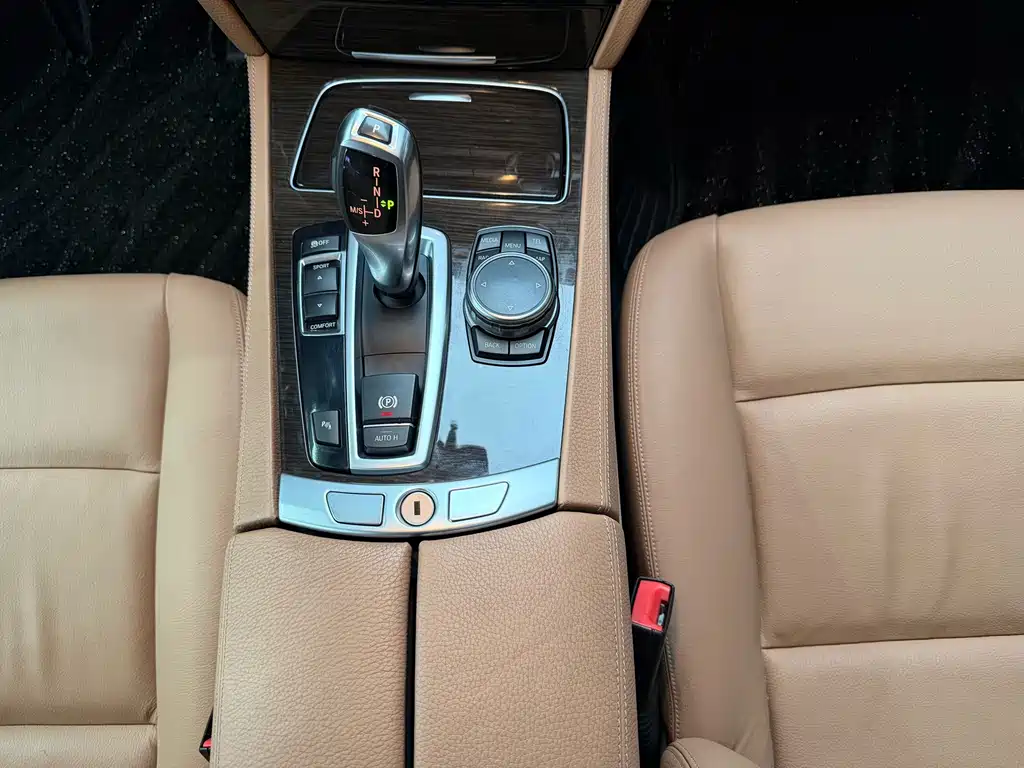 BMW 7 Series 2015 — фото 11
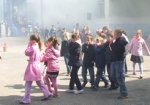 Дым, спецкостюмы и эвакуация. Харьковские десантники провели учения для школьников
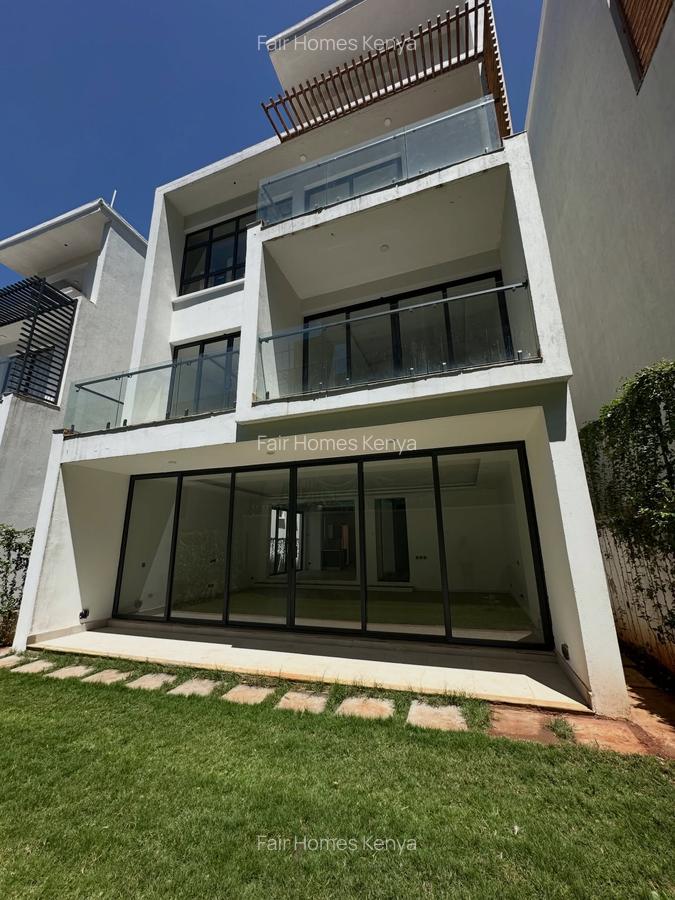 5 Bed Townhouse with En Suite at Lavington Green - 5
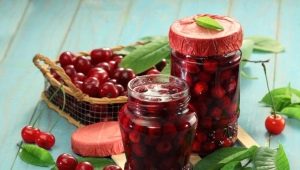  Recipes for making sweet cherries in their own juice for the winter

····················

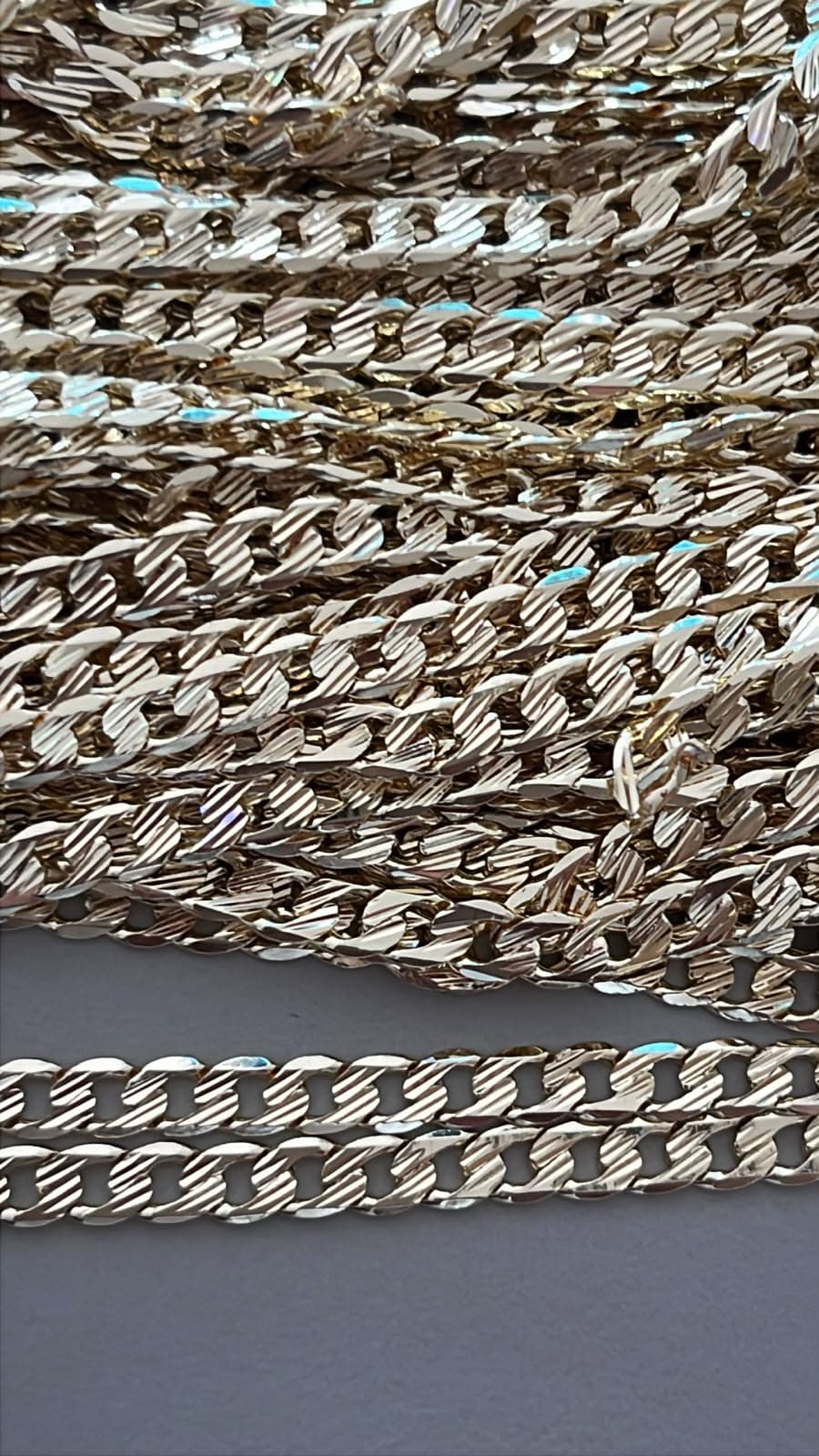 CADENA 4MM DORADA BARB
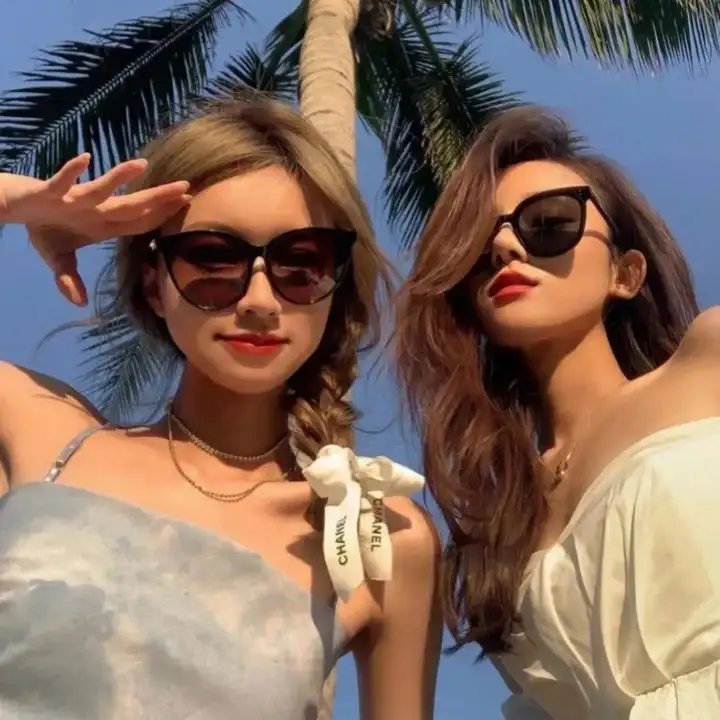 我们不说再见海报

····················

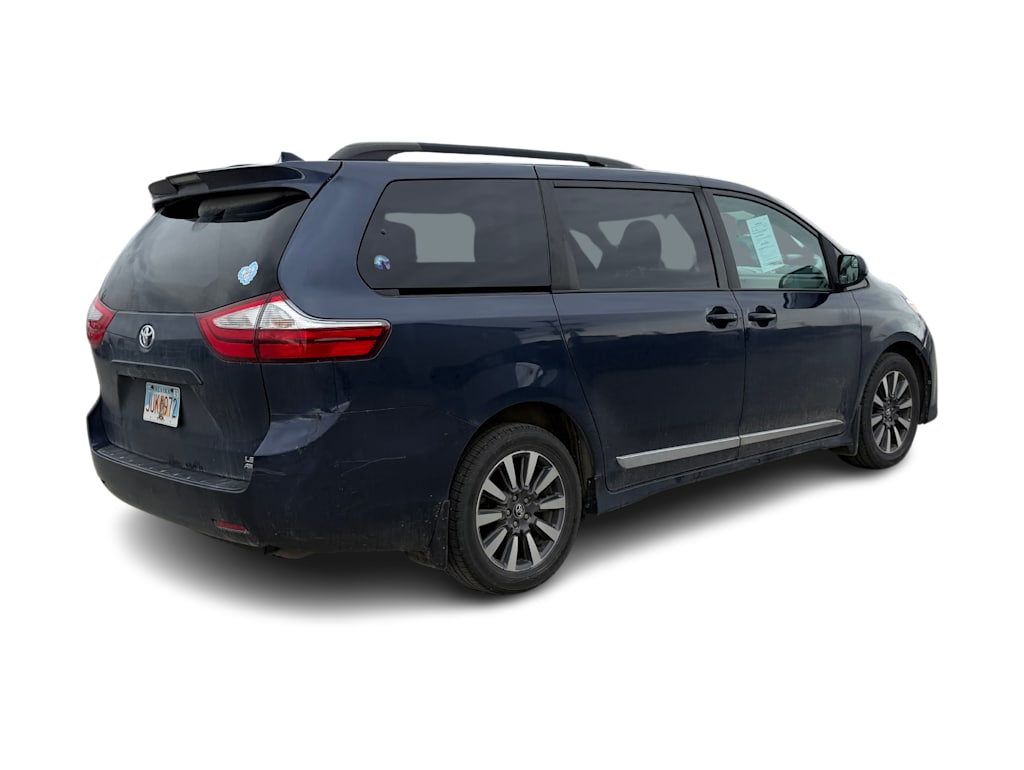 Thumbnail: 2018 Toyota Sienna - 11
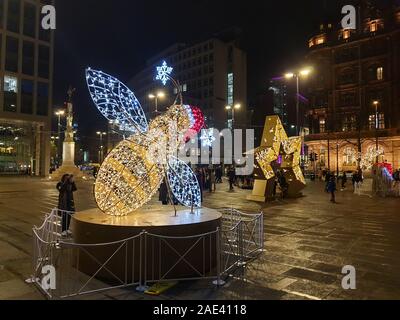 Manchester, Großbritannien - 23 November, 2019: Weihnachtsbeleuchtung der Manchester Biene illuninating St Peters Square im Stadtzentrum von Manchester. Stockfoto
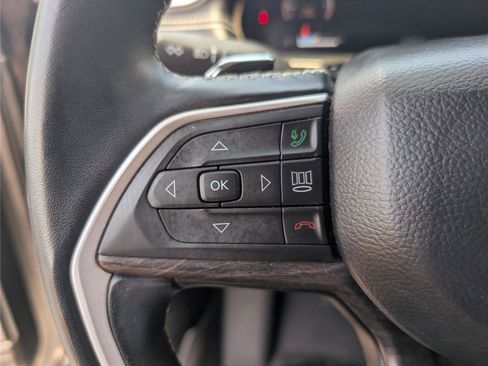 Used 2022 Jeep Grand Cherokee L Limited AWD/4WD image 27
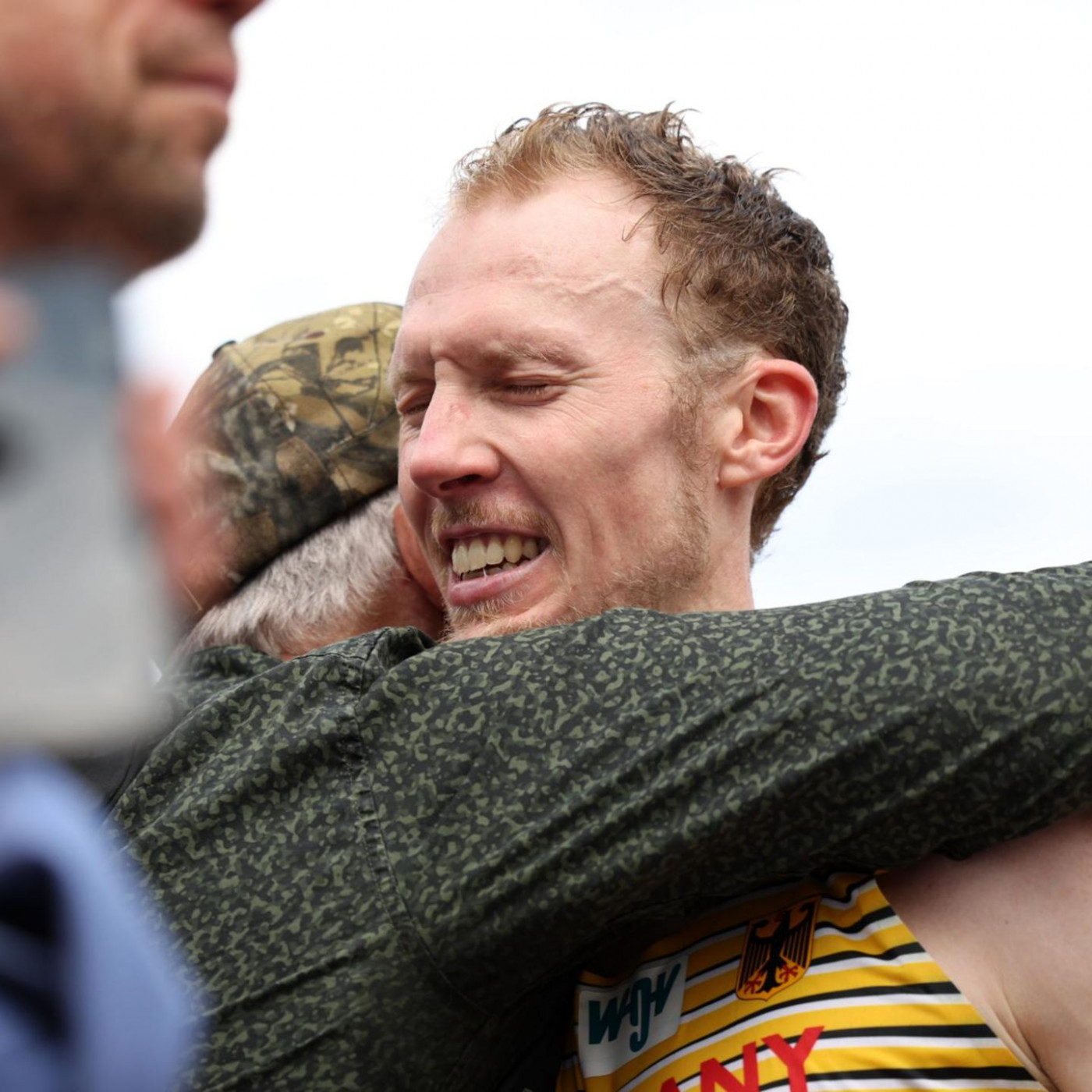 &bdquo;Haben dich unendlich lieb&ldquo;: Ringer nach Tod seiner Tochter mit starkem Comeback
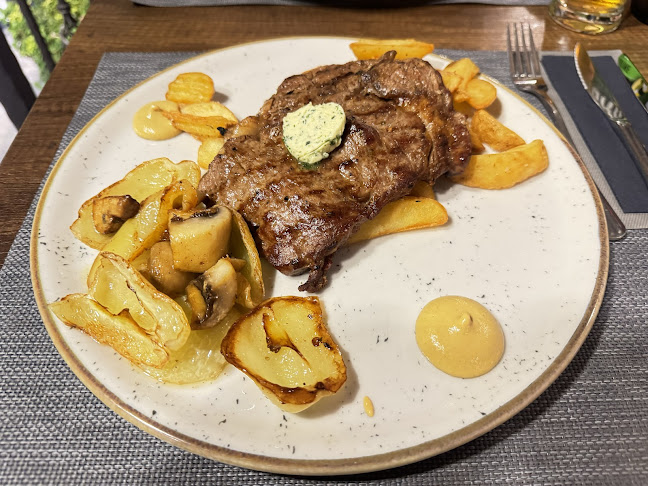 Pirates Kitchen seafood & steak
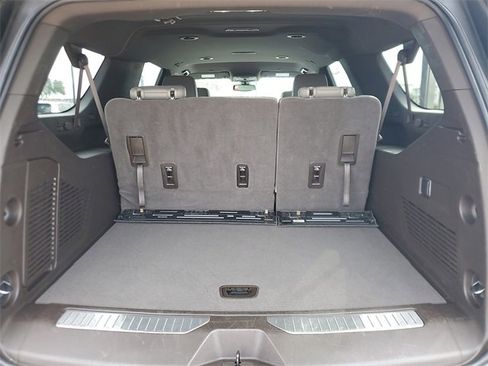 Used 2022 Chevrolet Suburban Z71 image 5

····················

Work request: Your answer should consist of the lines above between those holding "Pirates Kitchen seafood & steak" and "Used 2022 Chevrolet Suburban Z71 image 5", inclusive, reproduced word for word and without pictures.

Response:
 Pirates Kitchen seafood & steak
 Used 2022 Chevrolet Suburban Z71 image 5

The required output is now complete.